Regression: malware reminder on every read still causes subagent refusals

Bug and malware-prompt regression

  • Core issue: a system prompt in Claude’s managed agents / Claude Code says “whenever you read a file … you MUST refuse to improve or augment the code,” with no conditional “if it’s malware.”
  • Result: agents often refuse to modify any code after reading it, even when users clarify it isn’t malware.
  • Some users report they can override it by explicitly stating the code is not malware; others still see refusals.
  • The malware-analysis-on-every-file behavior is seen as wasteful, context-bloating, and poorly thought through.
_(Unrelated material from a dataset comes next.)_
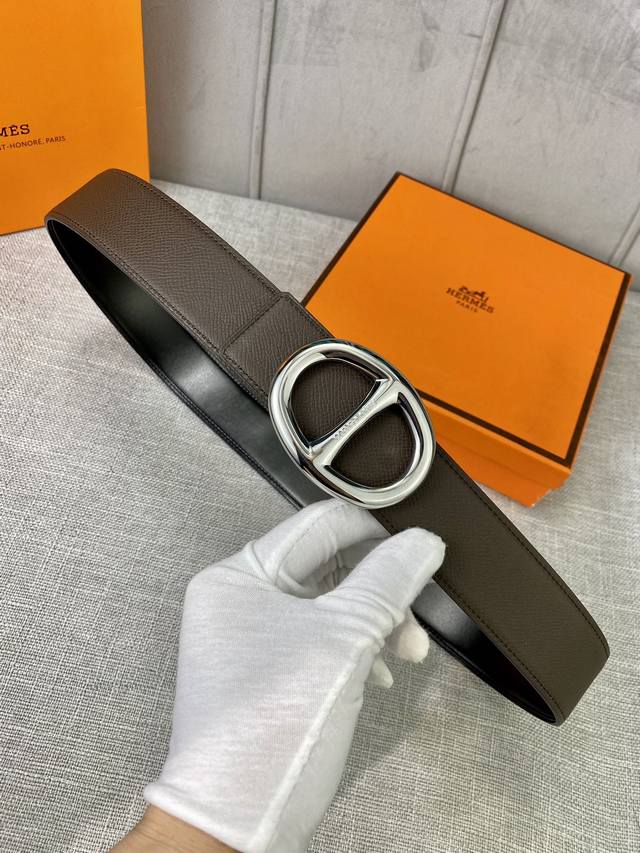 Elegant And Stylish, This Belt Buckle Reinterprets The Iconic Herm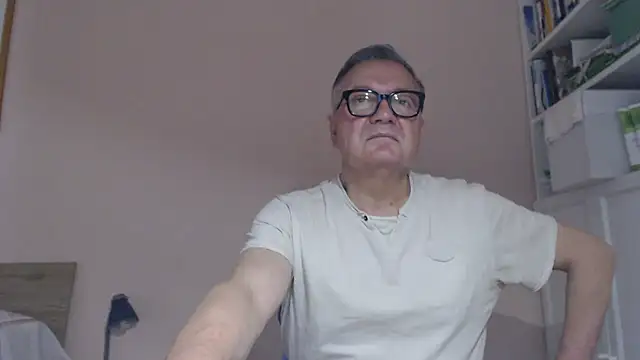 Snapshot of YOU6me chatting on 20, 7, 2026 YOU6me online show from 20, 7, 2026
Token usage, context bloat, and cost

  • Several commenters report large, unexplained token use: heavy hidden prompts, repeated malware checks, and verbose “thoughts.”
  • Some find managed harnesses double the context usage vs lighter custom harnesses (e.g., 30–40k vs ~15k tokens just to say “hi”).
  • People worry about “revenue-positive bugs” where misbehavior increases token consumption at user expense.
  • Others note that subscription plans can be dramatically cheaper than raw API use, pressuring users into first‑party harnesses.

Harness control and alternatives

  • Frustration that managed agents don’t allow users to edit system prompts or harness logic, so they’re stuck with Anthropic’s guardrails and bugs.
  • Multiple commenters prefer running their own harnesses (OpenCode, Pi, custom tools) with API keys or alternative models (OpenAI Codex, DeepSeek, Qwen).
  • Subscription-based access often cannot be used with third‑party harnesses, limiting flexibility.

Safety vs user autonomy

  • Debate over whether LLMs should strictly refuse anything possibly related to malware vs. acting as neutral tools.
  • Some argue providers should allow powerful tools but handle abuse via detection/reporting, not intrusive guardrails.
  • Others point out that trying to automate such guardrails can produce exactly this kind of overreach and regressions.

Perceptions of Anthropic’s engineering and product culture

  • Many see repeated regressions, opaque prompts, and “vibe-coded” changes as signs of weak testing and poor product discipline.
  • Some note Claude Code was ahead of the curve but appears to be degrading, with more bugs and inconsistent behavior.
  • A minority suggest these problems may be growth pains rather than pure incompetence, but dissatisfaction dominates the thread.